Deborah A. Miranda
An enrolled member of the Ohlone-Costanoan Esselen Nation of California, poet Deborah Miranda was born in Los Angeles to an Esselen/Chumash father and a mother of French ancestry. She grew up in Washington State, earning a BS in teaching moderate special-needs children from Wheelock College in 1983 and an MA and PhD in English from the University of Washington. Miranda’s collections of poetry include Raised by Humans (2015); Indian Cartography: Poems (1999), winner of the Diane Decorah Memorial First Book Award from the Native Writers’ Circle of the Americas; and The Zen of La Llorona (2005), nominated for a Lambda Literary Award. Miranda also received the 2000 Writer of the Year Award for Poetry from the Wordcraft Circle of Native Writers and Storytellers. Her mixed-genre collection Bad Indians: A Tribal Memoir (2013) won a Gold Medal from the Independent Publisher's Association and the PEN Oakland Josephine Miles Literary Award, and was shortlisted for the William Saroyan Award.
Miranda’s poetry is informed by her mixed-blood ancestry and knowledge of the natural world. Often focused around gender, her poetry treats topics such as mothering and the ability to nurture in a violent world.
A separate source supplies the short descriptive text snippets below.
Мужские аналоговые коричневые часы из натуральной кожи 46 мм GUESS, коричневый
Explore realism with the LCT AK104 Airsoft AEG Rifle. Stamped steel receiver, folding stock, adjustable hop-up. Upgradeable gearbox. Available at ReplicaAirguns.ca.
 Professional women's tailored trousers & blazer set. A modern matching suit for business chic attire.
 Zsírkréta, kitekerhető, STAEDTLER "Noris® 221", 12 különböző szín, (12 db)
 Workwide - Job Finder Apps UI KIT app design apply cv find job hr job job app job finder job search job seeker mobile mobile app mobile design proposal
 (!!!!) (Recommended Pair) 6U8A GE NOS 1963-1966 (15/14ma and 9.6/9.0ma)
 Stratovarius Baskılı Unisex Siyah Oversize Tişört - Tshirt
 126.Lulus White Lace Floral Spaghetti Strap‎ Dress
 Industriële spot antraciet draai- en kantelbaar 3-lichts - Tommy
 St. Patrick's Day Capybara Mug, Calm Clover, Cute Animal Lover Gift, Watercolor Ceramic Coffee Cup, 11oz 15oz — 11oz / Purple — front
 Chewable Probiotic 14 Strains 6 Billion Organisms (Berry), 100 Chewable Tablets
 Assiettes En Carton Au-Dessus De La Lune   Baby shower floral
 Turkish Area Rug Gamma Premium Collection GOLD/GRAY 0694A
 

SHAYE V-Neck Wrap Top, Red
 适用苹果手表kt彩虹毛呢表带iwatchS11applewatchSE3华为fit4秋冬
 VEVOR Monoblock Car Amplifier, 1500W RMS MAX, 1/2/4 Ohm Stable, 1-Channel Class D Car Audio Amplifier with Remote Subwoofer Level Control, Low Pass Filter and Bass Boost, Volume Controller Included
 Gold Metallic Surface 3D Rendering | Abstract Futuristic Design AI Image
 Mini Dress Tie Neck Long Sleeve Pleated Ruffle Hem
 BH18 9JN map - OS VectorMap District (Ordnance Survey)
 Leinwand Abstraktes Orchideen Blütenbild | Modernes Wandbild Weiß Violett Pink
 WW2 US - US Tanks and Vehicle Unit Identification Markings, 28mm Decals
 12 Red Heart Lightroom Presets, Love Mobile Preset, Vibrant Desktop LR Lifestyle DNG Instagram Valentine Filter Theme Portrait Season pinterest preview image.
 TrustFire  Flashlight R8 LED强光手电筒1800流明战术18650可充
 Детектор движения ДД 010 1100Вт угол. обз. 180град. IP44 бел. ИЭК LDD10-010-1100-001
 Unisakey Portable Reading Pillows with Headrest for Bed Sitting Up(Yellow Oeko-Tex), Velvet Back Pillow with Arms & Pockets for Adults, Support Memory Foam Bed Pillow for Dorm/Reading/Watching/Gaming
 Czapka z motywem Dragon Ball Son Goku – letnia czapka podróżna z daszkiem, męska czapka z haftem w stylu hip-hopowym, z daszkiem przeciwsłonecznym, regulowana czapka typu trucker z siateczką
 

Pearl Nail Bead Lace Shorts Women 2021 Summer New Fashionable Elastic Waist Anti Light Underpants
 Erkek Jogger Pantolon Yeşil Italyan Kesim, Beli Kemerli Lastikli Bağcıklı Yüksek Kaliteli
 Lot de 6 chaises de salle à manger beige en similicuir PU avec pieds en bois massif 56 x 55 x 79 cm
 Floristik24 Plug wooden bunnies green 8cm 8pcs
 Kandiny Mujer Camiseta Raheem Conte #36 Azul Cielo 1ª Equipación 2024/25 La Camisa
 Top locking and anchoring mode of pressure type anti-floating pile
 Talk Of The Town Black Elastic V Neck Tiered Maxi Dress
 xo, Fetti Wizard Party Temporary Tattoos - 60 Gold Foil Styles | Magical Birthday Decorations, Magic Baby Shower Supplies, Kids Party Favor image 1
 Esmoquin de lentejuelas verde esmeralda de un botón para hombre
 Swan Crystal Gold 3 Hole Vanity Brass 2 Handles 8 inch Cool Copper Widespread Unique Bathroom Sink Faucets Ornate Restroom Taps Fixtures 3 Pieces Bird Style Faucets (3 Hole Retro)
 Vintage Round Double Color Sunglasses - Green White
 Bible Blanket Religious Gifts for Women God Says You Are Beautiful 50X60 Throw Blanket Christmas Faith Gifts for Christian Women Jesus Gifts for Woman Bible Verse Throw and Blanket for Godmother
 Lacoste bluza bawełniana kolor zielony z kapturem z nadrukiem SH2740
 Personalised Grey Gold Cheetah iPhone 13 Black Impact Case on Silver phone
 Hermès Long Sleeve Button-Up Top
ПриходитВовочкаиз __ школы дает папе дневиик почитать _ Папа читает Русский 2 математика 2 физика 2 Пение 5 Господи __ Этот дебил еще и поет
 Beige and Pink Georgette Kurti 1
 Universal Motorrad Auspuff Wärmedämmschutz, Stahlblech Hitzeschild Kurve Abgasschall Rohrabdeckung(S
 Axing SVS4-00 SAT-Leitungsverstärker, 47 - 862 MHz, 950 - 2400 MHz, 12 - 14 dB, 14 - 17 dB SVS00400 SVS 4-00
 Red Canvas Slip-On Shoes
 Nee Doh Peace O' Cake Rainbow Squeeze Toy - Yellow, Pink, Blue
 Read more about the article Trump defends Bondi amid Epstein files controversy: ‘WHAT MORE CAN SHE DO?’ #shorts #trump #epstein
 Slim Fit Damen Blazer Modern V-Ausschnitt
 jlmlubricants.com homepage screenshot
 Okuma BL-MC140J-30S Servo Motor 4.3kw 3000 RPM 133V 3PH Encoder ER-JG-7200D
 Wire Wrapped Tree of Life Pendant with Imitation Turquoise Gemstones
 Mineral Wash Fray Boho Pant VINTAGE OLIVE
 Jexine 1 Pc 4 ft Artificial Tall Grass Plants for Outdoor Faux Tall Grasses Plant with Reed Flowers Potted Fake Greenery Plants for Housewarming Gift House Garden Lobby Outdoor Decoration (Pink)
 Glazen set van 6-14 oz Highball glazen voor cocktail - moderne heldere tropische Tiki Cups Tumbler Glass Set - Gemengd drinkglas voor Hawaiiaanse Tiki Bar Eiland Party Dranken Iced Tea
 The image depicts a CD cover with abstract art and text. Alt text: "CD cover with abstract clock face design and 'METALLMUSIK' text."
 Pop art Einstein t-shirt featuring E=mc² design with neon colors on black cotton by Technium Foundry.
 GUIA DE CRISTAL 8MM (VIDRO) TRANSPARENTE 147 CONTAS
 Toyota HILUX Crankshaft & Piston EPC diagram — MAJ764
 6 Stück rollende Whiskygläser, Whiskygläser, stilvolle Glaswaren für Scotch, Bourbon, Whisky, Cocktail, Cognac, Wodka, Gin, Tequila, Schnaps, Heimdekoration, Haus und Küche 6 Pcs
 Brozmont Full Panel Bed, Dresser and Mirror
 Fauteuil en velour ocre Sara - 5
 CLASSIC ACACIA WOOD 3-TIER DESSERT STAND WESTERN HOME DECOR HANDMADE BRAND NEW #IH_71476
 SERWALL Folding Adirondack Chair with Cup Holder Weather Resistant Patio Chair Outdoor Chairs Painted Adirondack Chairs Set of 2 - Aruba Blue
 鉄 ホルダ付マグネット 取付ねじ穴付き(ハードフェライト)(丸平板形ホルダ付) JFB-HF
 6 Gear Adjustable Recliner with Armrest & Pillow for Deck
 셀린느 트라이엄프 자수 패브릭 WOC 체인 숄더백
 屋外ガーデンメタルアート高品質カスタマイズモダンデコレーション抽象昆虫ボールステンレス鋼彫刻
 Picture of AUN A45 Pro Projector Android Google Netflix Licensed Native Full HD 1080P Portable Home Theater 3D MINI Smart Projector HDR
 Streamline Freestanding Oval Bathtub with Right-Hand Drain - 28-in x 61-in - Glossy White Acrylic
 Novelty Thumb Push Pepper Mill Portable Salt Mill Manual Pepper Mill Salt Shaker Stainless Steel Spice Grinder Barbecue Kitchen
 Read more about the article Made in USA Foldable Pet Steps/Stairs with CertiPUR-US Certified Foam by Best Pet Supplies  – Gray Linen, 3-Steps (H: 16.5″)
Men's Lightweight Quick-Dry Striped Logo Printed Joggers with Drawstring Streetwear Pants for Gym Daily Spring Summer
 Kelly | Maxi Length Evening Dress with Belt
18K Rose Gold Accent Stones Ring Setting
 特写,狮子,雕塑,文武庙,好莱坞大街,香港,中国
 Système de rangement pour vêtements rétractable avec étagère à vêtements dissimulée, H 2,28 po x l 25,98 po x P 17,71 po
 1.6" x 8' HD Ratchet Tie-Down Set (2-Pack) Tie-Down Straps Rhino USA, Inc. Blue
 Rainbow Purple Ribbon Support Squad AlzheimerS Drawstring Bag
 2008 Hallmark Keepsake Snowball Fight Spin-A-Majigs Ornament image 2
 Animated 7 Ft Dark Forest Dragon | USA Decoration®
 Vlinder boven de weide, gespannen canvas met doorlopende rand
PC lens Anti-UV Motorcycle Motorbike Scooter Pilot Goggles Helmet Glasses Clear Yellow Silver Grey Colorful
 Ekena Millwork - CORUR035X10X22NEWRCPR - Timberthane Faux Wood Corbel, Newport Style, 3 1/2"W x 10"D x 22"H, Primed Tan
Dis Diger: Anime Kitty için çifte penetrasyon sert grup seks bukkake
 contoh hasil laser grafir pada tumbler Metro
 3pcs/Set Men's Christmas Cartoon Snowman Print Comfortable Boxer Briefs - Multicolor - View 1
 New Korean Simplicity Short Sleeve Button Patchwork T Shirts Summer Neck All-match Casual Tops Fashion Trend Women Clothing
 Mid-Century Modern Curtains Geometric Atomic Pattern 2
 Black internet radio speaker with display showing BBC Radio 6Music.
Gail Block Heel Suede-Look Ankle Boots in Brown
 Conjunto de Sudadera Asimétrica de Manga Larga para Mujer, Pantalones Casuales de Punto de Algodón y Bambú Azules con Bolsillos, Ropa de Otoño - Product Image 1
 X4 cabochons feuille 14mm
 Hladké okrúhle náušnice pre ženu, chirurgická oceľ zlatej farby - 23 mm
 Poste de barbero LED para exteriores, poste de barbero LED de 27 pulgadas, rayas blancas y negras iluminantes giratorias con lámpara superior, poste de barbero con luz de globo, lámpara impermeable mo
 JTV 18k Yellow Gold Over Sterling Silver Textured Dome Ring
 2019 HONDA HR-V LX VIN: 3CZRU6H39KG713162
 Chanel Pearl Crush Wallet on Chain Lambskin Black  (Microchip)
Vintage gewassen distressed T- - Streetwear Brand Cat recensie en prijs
The Zen of Llorona references the legend of La Llorona, or the Weeping Woman, an Indian woman who bears children to a Spaniard; when betrayed, she kills the children and then lives a life of mourning.
Miranda’s work has appeared in the anthologies Through the Eye of the Deer (1999), This bridge we call home: radical visions for transformation (2002), The Dirt Is Red Here: Art & Poetry from Contemporary Native California (2002), and Women: Images and Realities—A Multicultural Anthology (2006).
She teaches English at Washington and Lee University in Lexington, Virginia.